Supplied information -
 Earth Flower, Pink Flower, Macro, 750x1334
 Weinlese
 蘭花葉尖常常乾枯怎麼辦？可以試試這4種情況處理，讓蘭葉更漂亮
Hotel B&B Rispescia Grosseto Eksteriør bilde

--

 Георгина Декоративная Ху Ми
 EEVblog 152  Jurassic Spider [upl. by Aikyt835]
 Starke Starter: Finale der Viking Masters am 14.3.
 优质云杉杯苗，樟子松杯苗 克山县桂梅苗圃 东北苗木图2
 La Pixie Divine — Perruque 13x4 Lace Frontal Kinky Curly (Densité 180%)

What you will do - In the material above, locate the line containing "Earth Flower, Pink Flower, Macro, 750x1334" and the line containing "Hotel B&B Rispescia Grosseto Eksteriør bilde". Transcribe exactly those two lines and every line between them, and nothing more.

Task response -
 Earth Flower, Pink Flower, Macro, 750x1334
 Weinlese
 蘭花葉尖常常乾枯怎麼辦？可以試試這4種情況處理，讓蘭葉更漂亮
Hotel B&B Rispescia Grosseto Eksteriør bilde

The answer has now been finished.